「マッカーサー証言」のデマ
マッカーサーが1951年の上院公聴会で「先の大戦はアメリカが悪かった」とか「日本の自衛戦争だった」とか日本人に向かって語ったという、滅茶苦茶なデマ画像が出回っています。
そもそもアメリカ上院の公聴会で、マッカーサーが日本人に向かって発言するはずもないのですが、アホには理解できないようです。おまけにGHQ総司令官であったマッカーサーが東京裁判を否認したら、世界中がとんでもない騒ぎになってしまいますが、そういうことも考えられないのが、オツムの残念な人たちです。

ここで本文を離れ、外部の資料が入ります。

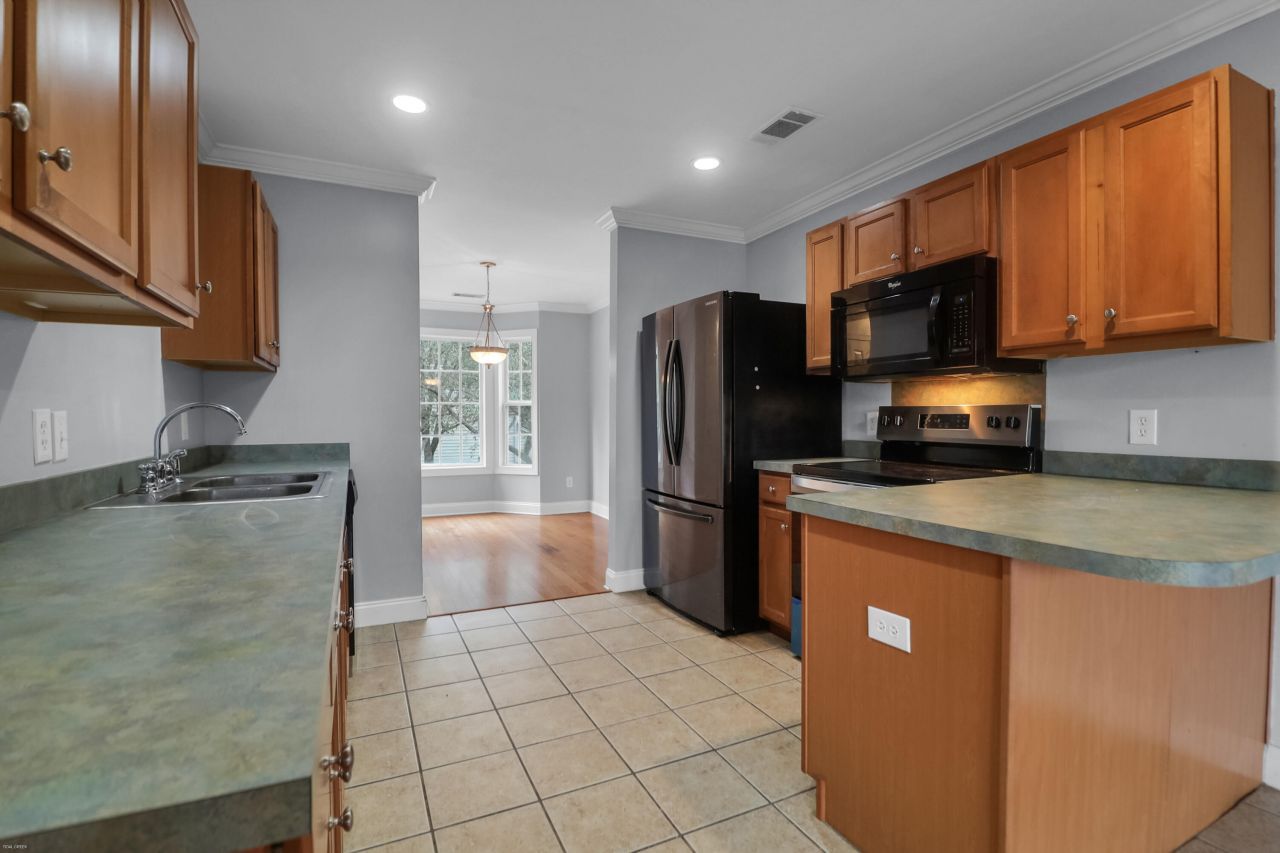 4008 Radcliffe Place Drive Photo 9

そもそも、この1951年の公聴会は、朝鮮戦争の真っ最中、戦争に介入する中国に強硬な手段を採るべきだと訴えたマッカーサーが、トルーマン大統領によって更迭(こうてつ:クビになること)された事件に続いて開かれたものです。
朝鮮戦争への国連軍(アメリカ軍)介入は、北朝鮮の南進を停めるのが目的だったのですが、マッカーサーは朝鮮全土の占領や中国との全面戦争を唱え始めました。それで「こいつはヤバイ」というので更迭されたのです。
公聴会では、マッカーサーに対していろいろな質疑が行われていますが、上記の「日本は悪くない。アメリカが悪かった。」というデマは、その公聴会の中の一言だけを切り取ったうえで、更に歪曲し、めちゃくちゃな尾鰭を付けたものです。
まず以下に当該部分の訳文を貼っておきます。
元の文書は744ページにもわたる資料なので、リンク先から確認してください。当該のやりとりは#69 (p.57)にあります。
このマッカーサーの陳述は、かつて日本に勝利した戦略を中国に対しても採用すべきだという彼の持論を説明するにあたって、日本の戦争目的が南方の資源確保にあり、その通商封鎖によって勝利したことを述べたものです。
そして、マッカーサーは日本の戦争が「自衛目的だった」とは言っておらず、日本は資源を確保できなければ工場も稼働できず、大量の失業者が生まれて治安が危うくなることを怖れたのだ、という説明をしているだけです。
ましてや「アメリカが悪かった」とか「東京裁判は芝居だった」などと言うはずもありませんし、言っていません。
この部分の「治安=Security」を、外敵から国を守る「安全保障」の意味だと無理やり曲解してできたのが、マッカーサーが「日本の自衛戦争だと言った」というデマです。
このデマに尾鰭が付きまくって、アメリカが悪かったとか、東京裁判は間違っていたとか、挙句の果てには「マッカーサーが東京裁判で陳述した」という途方もないデマにまで成長しています。
ここまで来ると、もう何をかいわんや、です。
なんでマッカーサーが東京裁判に出廷すると思うんですかね。